Lexicon

BAYONET

Steel weapon used for assault. It is a generally held opinion that the first bayonets were invented in Bayonne and that the very name given to this weapon is due to this circumstance. We read in a chronicle from the Midi in France: "During the siege of Bayonne in 1523, against the assembled kings of England and Aragon, the women of the town bravely took charge of defending the ramparts and invented the bayonet".

On the other hand, in the Western Pyrenees, there is a position called la Redoute de la Bayonette, and tradition tells us that this place was so called because, at a time that is not well determined, the Basques, having exhausted their ammunition in a fight against the Castilians, could only repel them by tying their knives to their rifles. This fact gave rise to a special weapon, with a sharp point, specially manufactured.

There is another opinion that this invention dates back to the Malay people of Madagascar, and that it was the Dutch who copied the idea of attaching a dagger to the edge of the rifle, so that the weapon would not be useless after it had been used for firing. How to find the truth in the midst of such different statements? However, it is not difficult to dismantle this scaffolding. One thing seems certain: the town of Bayonne plays a positive role in the history of the gun and in the history of its name.

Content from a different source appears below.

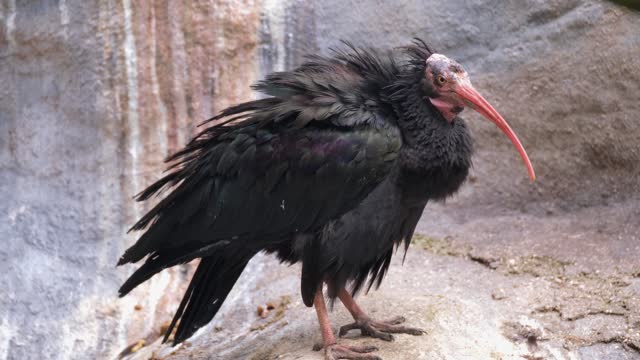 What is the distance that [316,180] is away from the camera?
427cm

Other writers have come up with an ingenious explanation which we reproduce here as a curious fact. According to them, the bayonet was not invented in Bayonne, but it was there that it was first made in a special shape, and it is there, indeed, that it continued to be made for a long time. According to General Masica, the manufacture of bayonets in Bayonne dates back only to 1641, and Gassendi goes back to 1671.

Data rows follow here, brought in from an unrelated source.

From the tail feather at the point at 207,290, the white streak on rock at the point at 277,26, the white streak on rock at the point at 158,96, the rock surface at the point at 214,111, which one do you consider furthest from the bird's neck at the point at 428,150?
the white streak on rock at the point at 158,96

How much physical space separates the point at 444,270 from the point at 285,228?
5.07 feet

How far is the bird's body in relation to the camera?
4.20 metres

Other writers who want to explain everything by means of etymology think that baionnette actually comes from Bayonne and not from the Spanish word Bayona, "scabbard", nor from the Latin term Bayoneta, "small scabbard". The French name bayonnette became banet, appearing in Ulm (Bavaria) around 1700 [H. Fischer, 1904. Schwäbisches Wörterbuch, I, 613]. From there come other dialectal deformations such as bankenet. The form of New High German is known from Fleming in 1710 [Vollk, t. Soldat, 199]. The Bajonet of Swedish and Danish from 1693 was made possible by New High German; English bayonnet comes from French [Deutsches Etymologisches Wörterbuch Kluge].

See TIMMERMANS, Adrien. Ref. Ducéré: Art. Baïonnette, "Dictionnaire Historique de Bayonne", p. 77; Corominas, Dictionnaire Etymologique; Giese, W.: Basque military terminology, "Riev", XIX, p. 315; Gárate, J.: Berets, arms and bees, "Bol. Amer. E. V.", 1950, p. 18.